Saturday, January 7, 2012

Can't Sleep....

It's almost 2 a.m. and all I can do is sit on the computer listening to sad sappy songs (Chris Daughty always seems to work for me)....maybe it's the time of year, maybe it's that I'm overtired, or maybe it's that I miss my son and can't wait for him to come home tomorrow....either way, I don't like it. The only fortunate glimmer of hope I have, is the fact that I'm probably not the only mother doing this right now. I often wonder when it is that you decide that how you feel is no longer just a slump...and it becomes an actual problem. People blame the weather, or the holidays, or their time of the month, or anything that will make them feel somewhat sane and like they're not losing it. I think that as mothers, a lot of factors add up to make us sometimes feel the way that we do. 

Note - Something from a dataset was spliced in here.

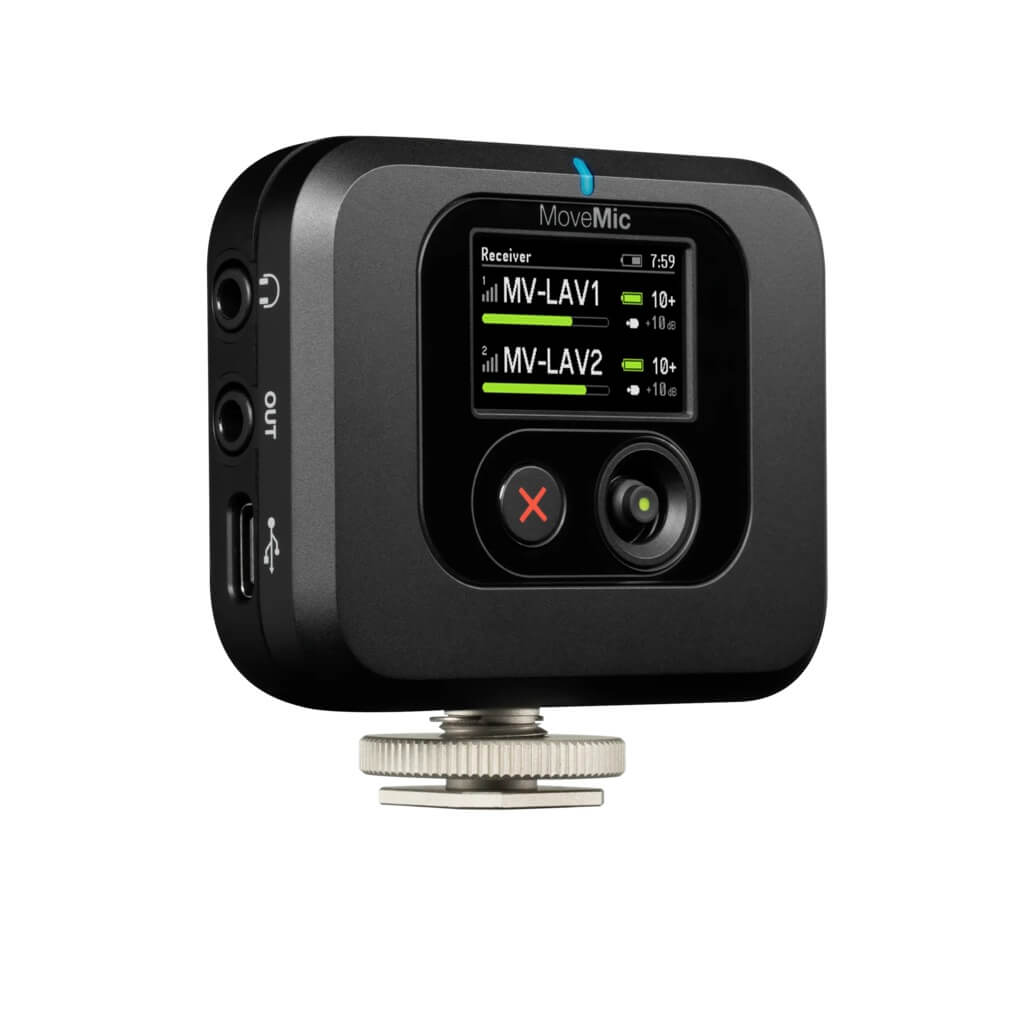 Shure MoveMic Receiver - Wireless Receiver For MoveMic, angle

          I got pregnant when I was 17, and gave birth to my amazing baby boy the year that i was supposed to graduate high school. I didn't plan on having a baby young...I planned on graduating school, going onto college, getting a good job, a house, a husband, and then babies...but life works in mysterious ways, and things seldom work out the way we plan when we're little girls writing down our destinies in our diaries. So needless to say, I lost a lot of friends when I had a baby. Everyone graduated school and went on with their lives, college, parties, boyfriends, clubs...all things that normal 18 year old girls should be doing. All i had was my son, and his father. We packed up our bags and moved out to another state, where i knew nobody. I worked two jobs, and took care of my son. Me and his father couldn't get along for the life of us. Everyday there was something new to argue about, it never got better. One day my whole world came to a halt, I found out that he had been cheating on me with one of our good friends...for 6 months. That day, my whole life, my fairytale that I had written in my diary as a child...shattered. Needless to say, I wasn't going to stay in something that wasn't real, so i packed his stuff for him, and he left.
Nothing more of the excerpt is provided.